§ **TASK STATEMENT**
From the line containing "Thumbnail: 2022 BMW X3 - 12" through the end of the material below, output each line exactly as written, with pictures excluded.

Top of DATA

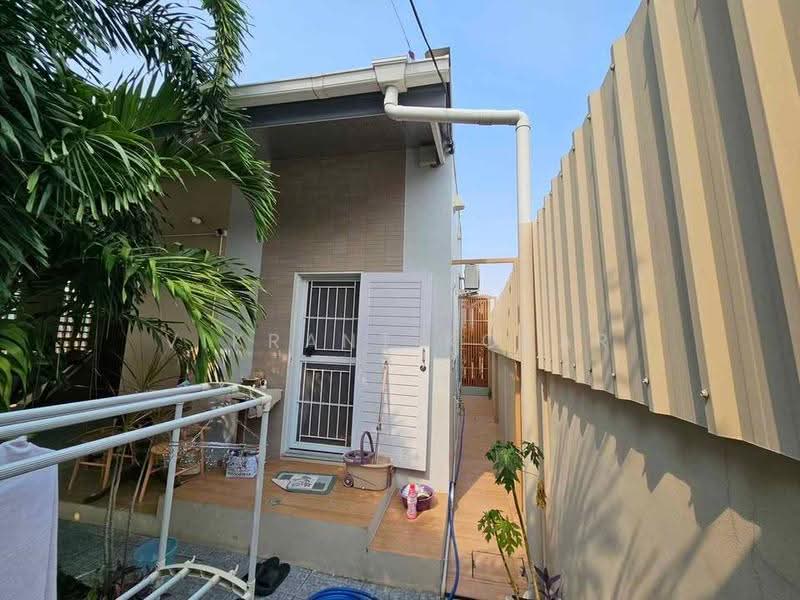 3-BR House, Chon Buri (Pattaya), Bang Lamung, Bang Lamung (Pattaya), Chon Buri (Pattaya), 3 Bedrooms, 204 sqm, Single Detached House For Sale, by Vikrant Kokar, 500580400 - DDproperty.com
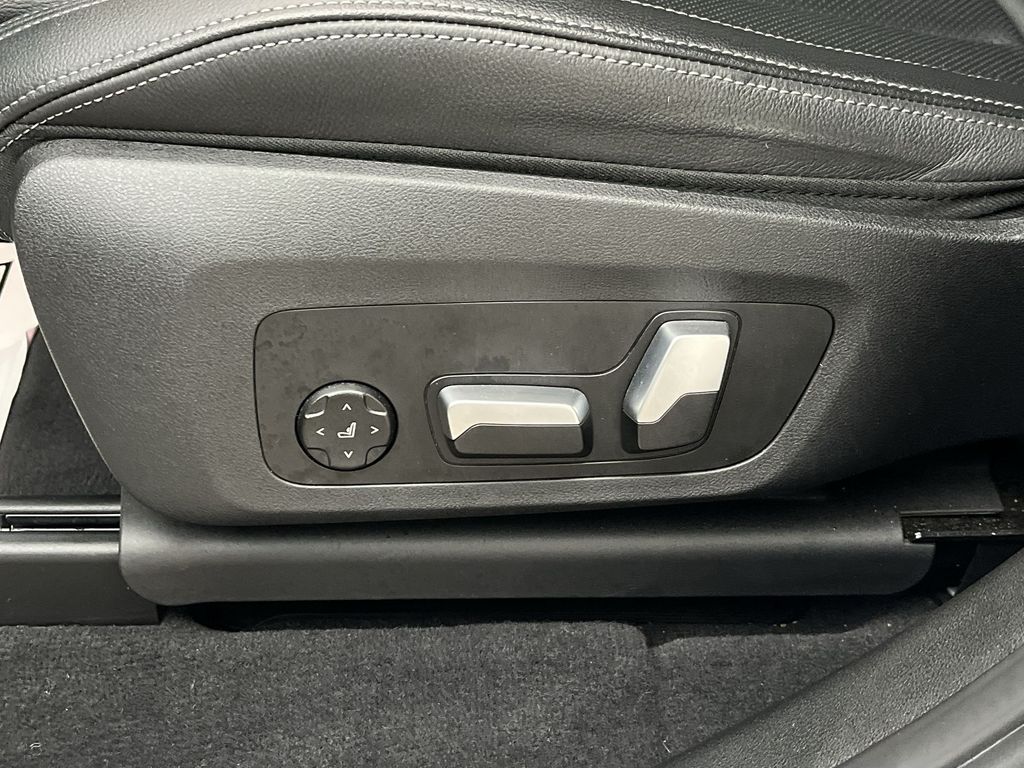 Thumbnail: 2022 BMW X3 - 12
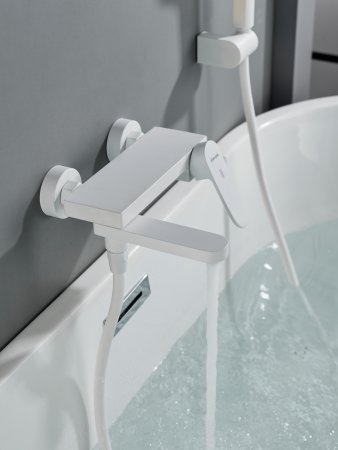 Смеситель для ванны Shevanik S4552C, Белый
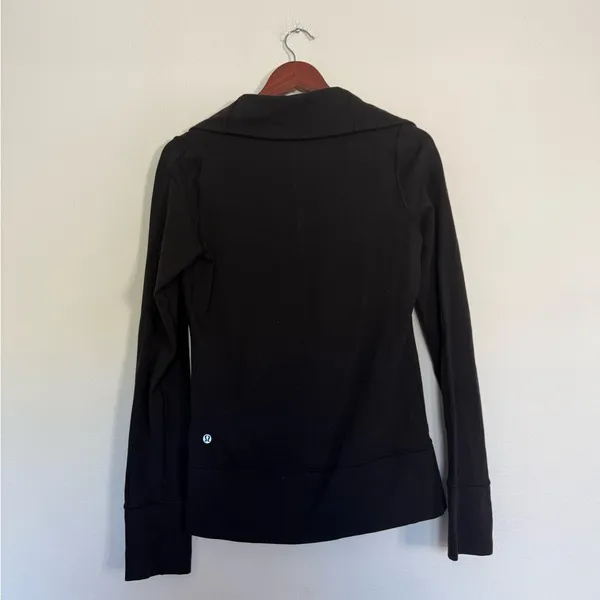 Lululemon black zip up jacket - Image 4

Bottom of DATA

§ **TASK SOLUTION**
 Thumbnail: 2022 BMW X3 - 12
 Смеситель для ванны Shevanik S4552C, Белый
 Lululemon black zip up jacket - Image 4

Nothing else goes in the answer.